> [Task directions]: Your output should be the lines below from the one holding "First Of All" through the one holding "LORMAR Reggiseno Balconcino", transcribed exactly, with no pictures.

> [Provided data]:

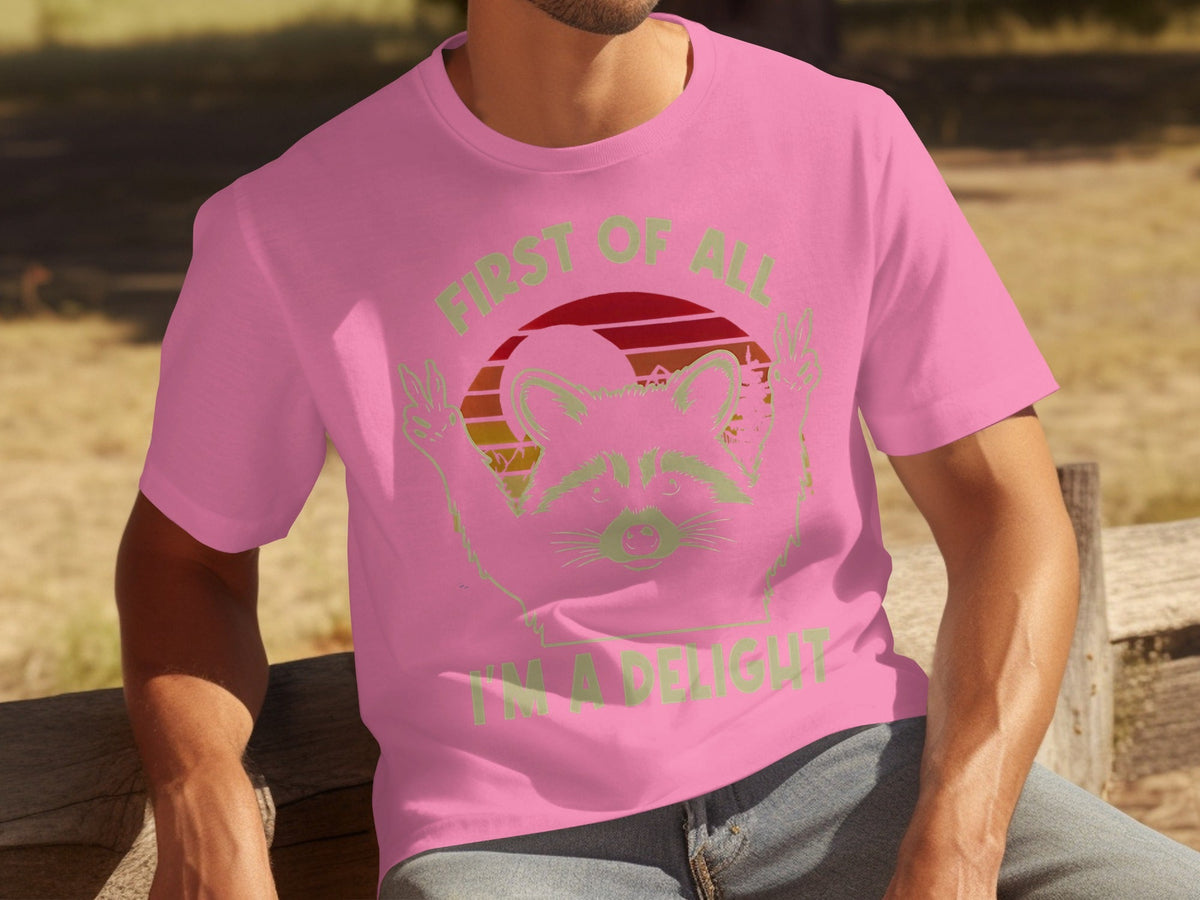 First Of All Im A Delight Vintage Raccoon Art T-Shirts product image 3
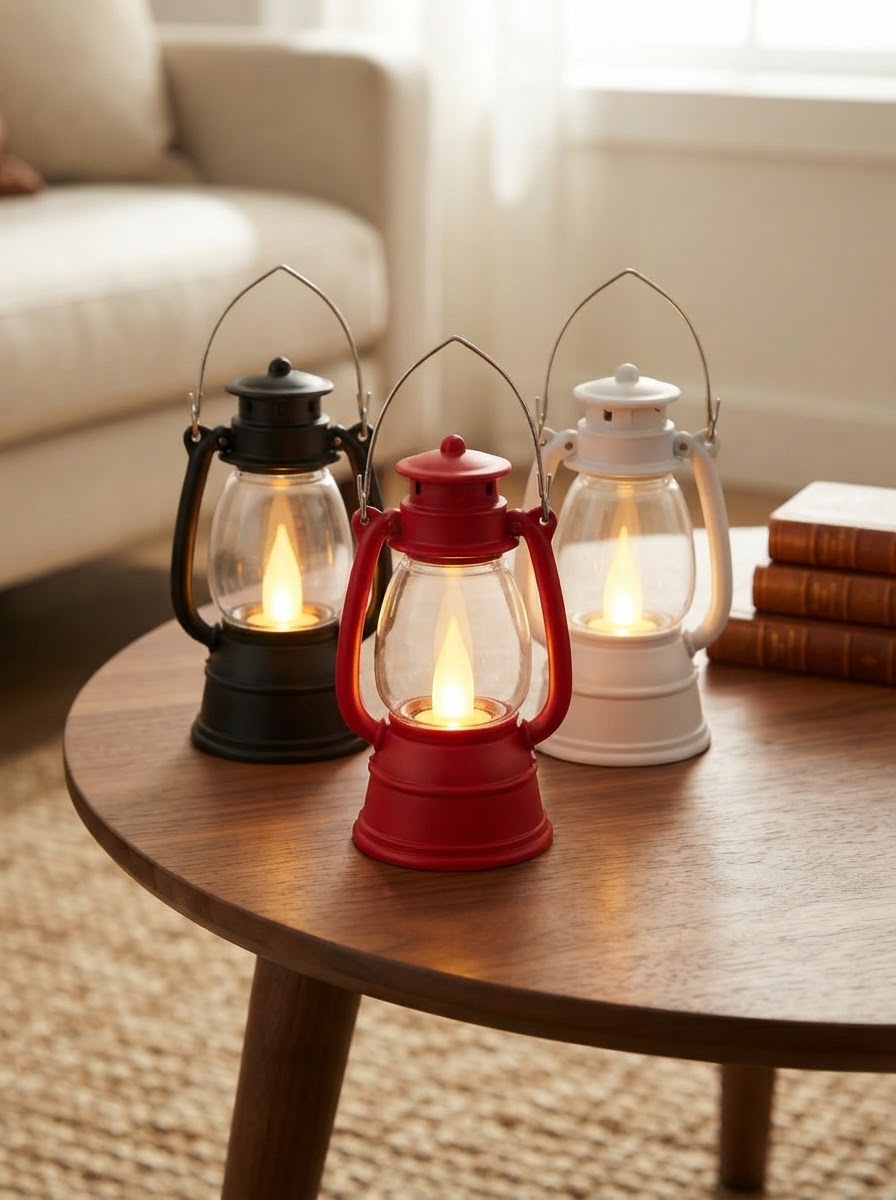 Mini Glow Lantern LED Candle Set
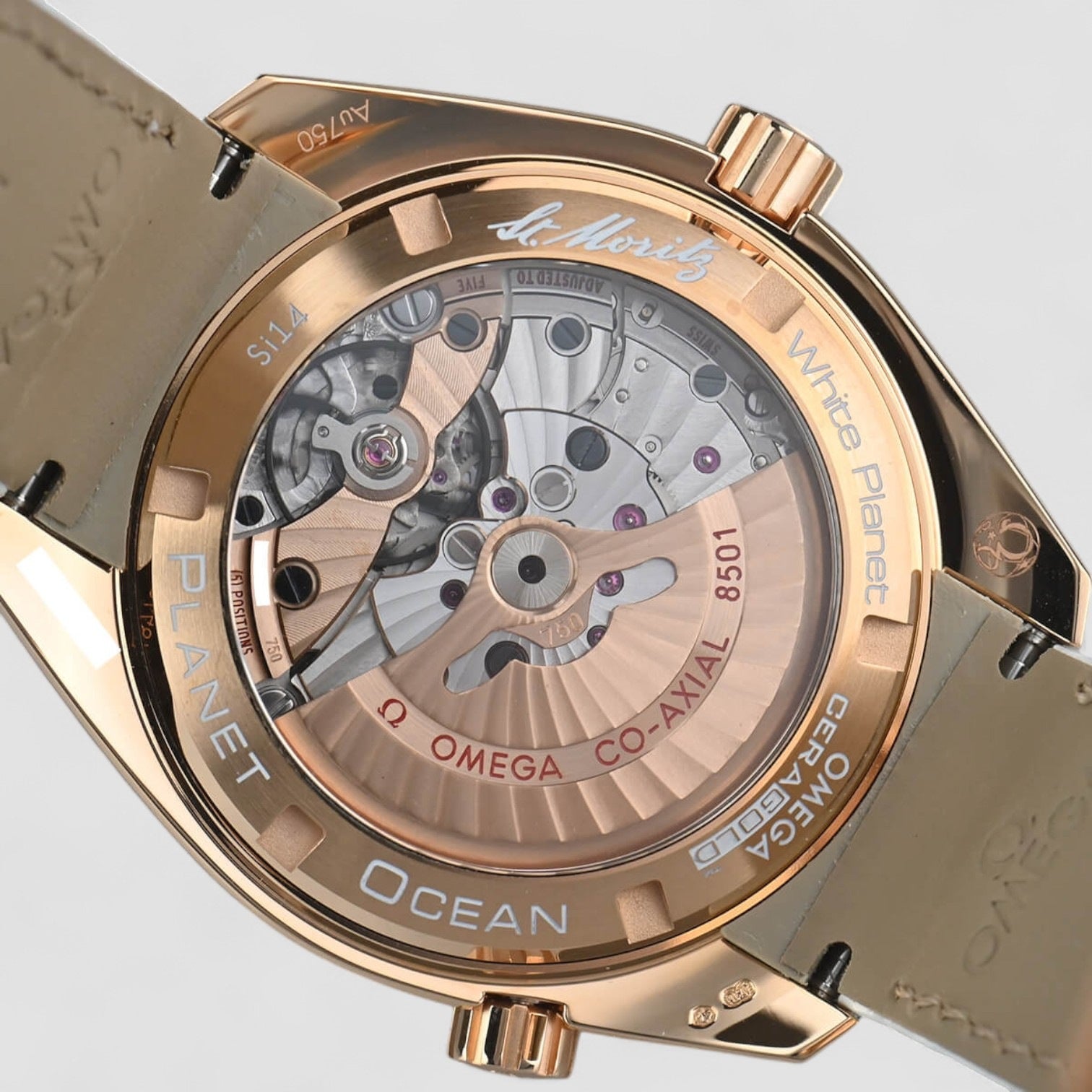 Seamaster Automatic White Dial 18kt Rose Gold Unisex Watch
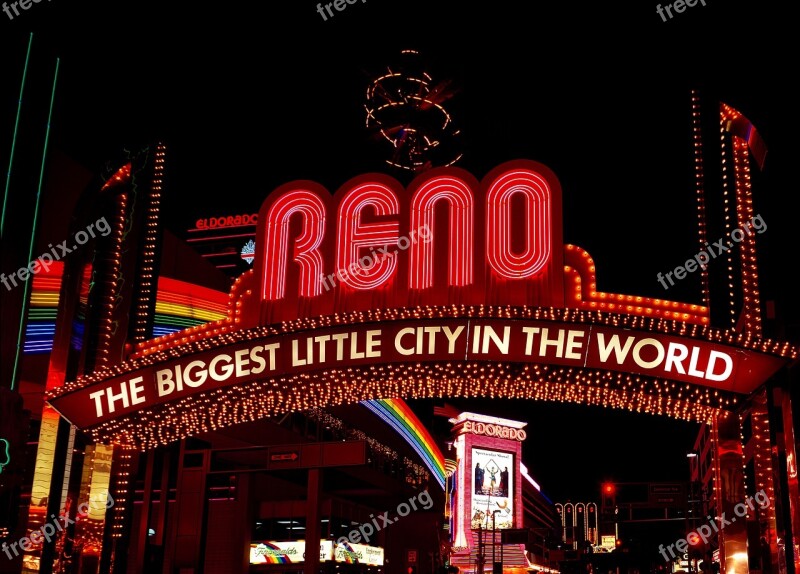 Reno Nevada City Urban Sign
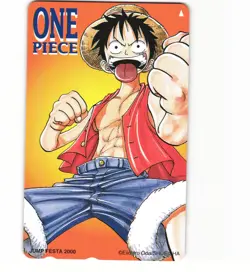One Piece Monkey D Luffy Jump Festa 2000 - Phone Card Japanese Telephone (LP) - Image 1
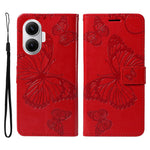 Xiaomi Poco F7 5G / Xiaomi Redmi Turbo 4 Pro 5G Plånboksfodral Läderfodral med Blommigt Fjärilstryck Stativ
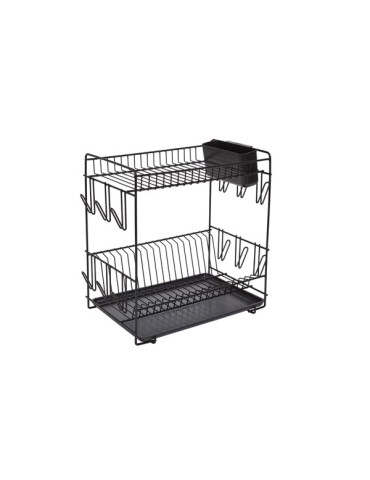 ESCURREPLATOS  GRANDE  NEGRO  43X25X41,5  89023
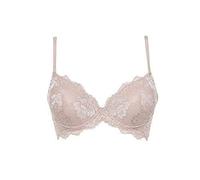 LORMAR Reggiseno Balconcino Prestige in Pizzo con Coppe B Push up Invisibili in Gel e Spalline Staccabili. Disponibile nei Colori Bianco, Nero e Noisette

...

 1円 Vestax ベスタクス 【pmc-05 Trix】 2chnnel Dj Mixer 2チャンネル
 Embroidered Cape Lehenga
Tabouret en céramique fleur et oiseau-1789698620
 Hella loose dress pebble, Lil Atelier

...

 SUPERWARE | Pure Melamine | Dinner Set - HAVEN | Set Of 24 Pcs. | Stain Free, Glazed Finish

> [Your response]:
 First Of All Im A Delight Vintage Raccoon Art T-Shirts product image 3
 Mini Glow Lantern LED Candle Set
 Seamaster Automatic White Dial 18kt Rose Gold Unisex Watch
 Reno Nevada City Urban Sign
One Piece Monkey D Luffy Jump Festa 2000 - Phone Card Japanese Telephone (LP) - Image 1
 Xiaomi Poco F7 5G / Xiaomi Redmi Turbo 4 Pro 5G Plånboksfodral Läderfodral med Blommigt Fjärilstryck Stativ
 ESCURREPLATOS  GRANDE  NEGRO  43X25X41,5  89023
 LORMAR Reggiseno Balconcino Prestige in Pizzo con Coppe B Push up Invisibili in Gel e Spalline Staccabili. Disponibile nei Colori Bianco, Nero e Noisette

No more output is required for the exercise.